Two days ago, I wrote about how to profile traffic to recognize DNS over HTTPS. This is kind of a problem for DNS over HTTPS. If you can see it, you may be able to block it. On Twitter, a few chimed in to provide feedback about recognizing DNS over HTTPS. I checked a couple of other clients, and well, didn't have a ton of time so this is still very preliminary:
- Firefox seems to be the most solid DoH implementation. Firefox DoH queries look like any other Firefox HTTP2 connection except for the packet size I observed
- Standalone DoH gateways, like "cloudflared," are easy to spot. They do use a bit unique TLS client hellos. For example, they do not use the SNI (Server Name Indication), which is a default feature in most TLS clients. I guess they are trying to avoid signatures that look for well known DoH endpoints, but in some ways, "no SNI" is a signature too.
- Chrome: I couldn't get DoH to work in Chrome 79 on macOS. Sorry. DoH is an experimental feature in Firefox, but maybe I just did something stupid. Needs more work.

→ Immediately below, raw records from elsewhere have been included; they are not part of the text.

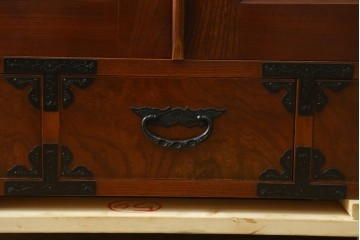 中古　美品　国産民芸家具　欅(ケヤキ)材　水屋箪笥上段　縦格子と飾り金具が上品なキャビネット　(R-090332)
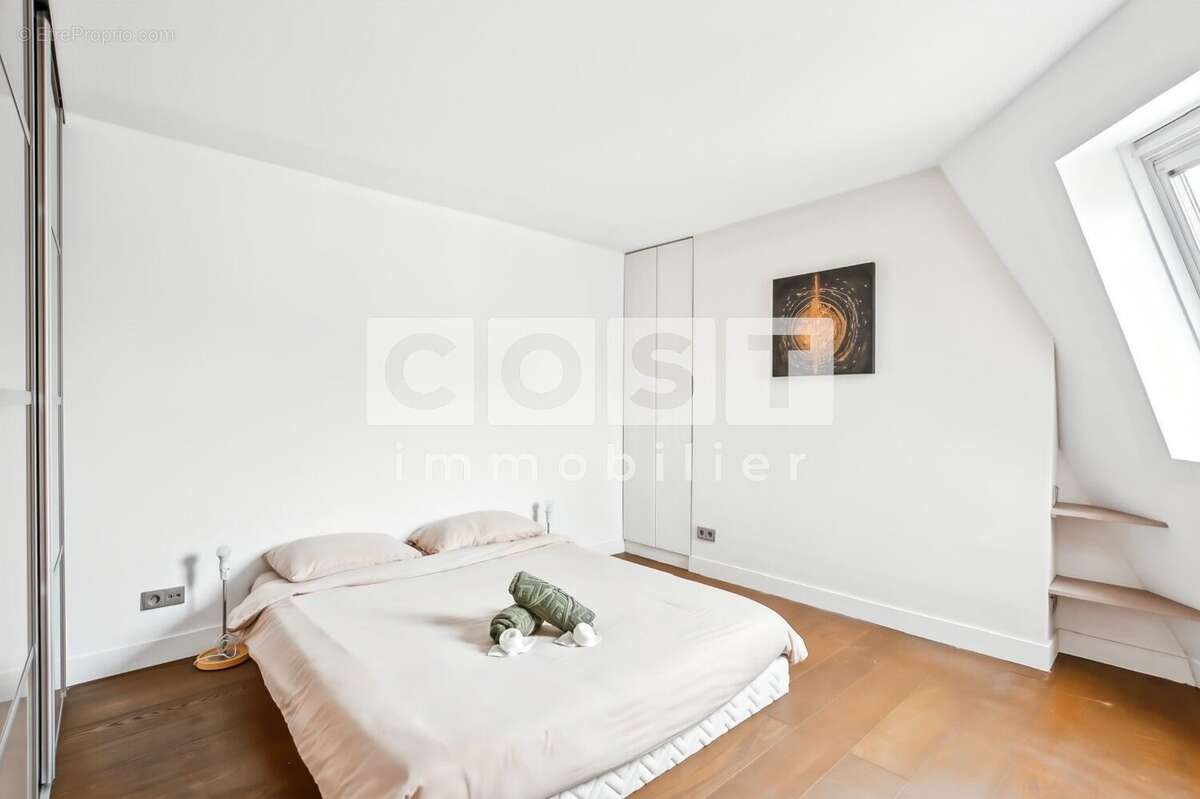 Appartement à PARIS-8E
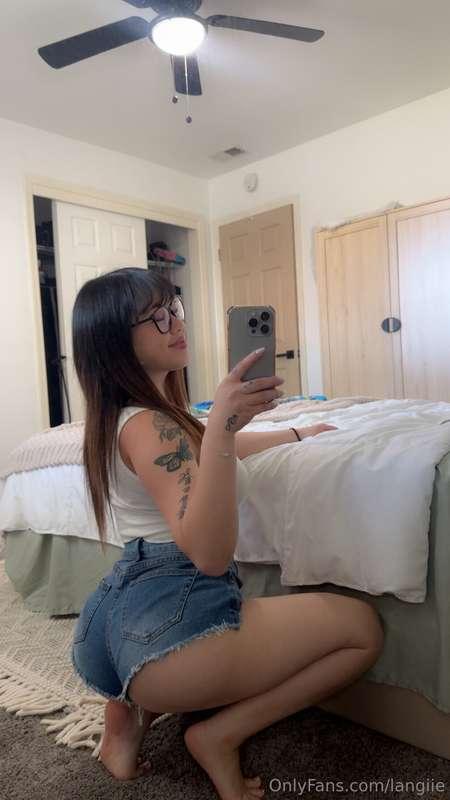 do i look good in jean shorts? 🥰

But to come back to the initial observation: The DoH traffic had specific packet sizes it preferred. So I was looking at this since it didn't seem random, meaning it leaked information.

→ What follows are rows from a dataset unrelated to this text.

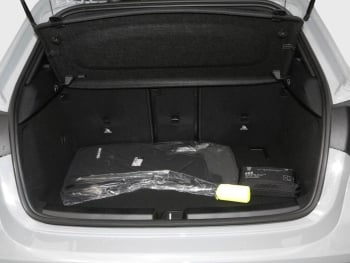 Mercedes-Benz A 200 d Kompaktlimousine AMG Night Navi Kamera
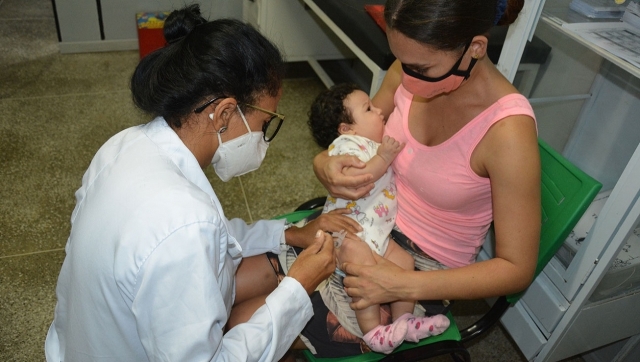 Vacinação contra paralisia infantil _ Foto Valdenir Lima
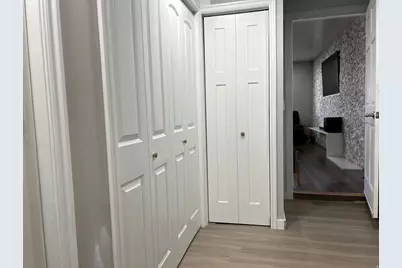 2472 S Hempstead St, West Valley, UT 84119 - Photo 8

I found a couple of interesting issues. First of all, the DNS query and response are sent as two packets. The first packet contains the HTTP2 headers. The second packet, the payload, which is our DNS payload. For requests and responses, the HTTP2 headers are always the same. The AES encryption process, as it is performed by TLS 1.3 does not change the length of the data. It just adds headers and integrity checks, but the size of the encrypted data matches the size of the decrypted data. This makes it easy to identify the packets that contain the HTTP2 headers for requests and responses:
% tshark -nr doh.pcap -T fields -e tcp.len -Y 'tcp.len>0' | sort | uniq -c | sort -k2 -n > doh-tcplen.txt
gnuplot> set xrange [0:500]
gnuplot> plot "doh-tcplen.txt" using 2:1 with lines
The two most common packet sizes correspond to the responses (smaller packet, 38 Bytes ) and requests (larger packets, 45-50 bytes in this example). The HTTP2 HEADER record for requests is slightly larger than the response as it includes the URL, the "authority" (hostname), and other details. The size of these requests can be used to deduct which DoH provider is being used.
The second packet, the content of the query or the response, is interesting as the packet length is related to the size of the query. The diagram below illustrates that all other fields in the TCP payload have a fixed size, and only the query string is variable.
- 5 bytes of TLS header
- encrypted data (which breaks down further):
- HTTP2 Header (9 Bytes for the DATA segment)
- DNS header ( 12 Bytes )
- query name (variable, starting with a length byte for the first label and ending with 0)
- query type ( 2 Bytes )
- query class ( 2 Bytes )
- DNS options (19 Bytes)
- 0 byte (end of data)
- MAC (16 Bytes)
Which adds 65 Bytes of fixed-length data to the TCP length. The rest is our DNS query string.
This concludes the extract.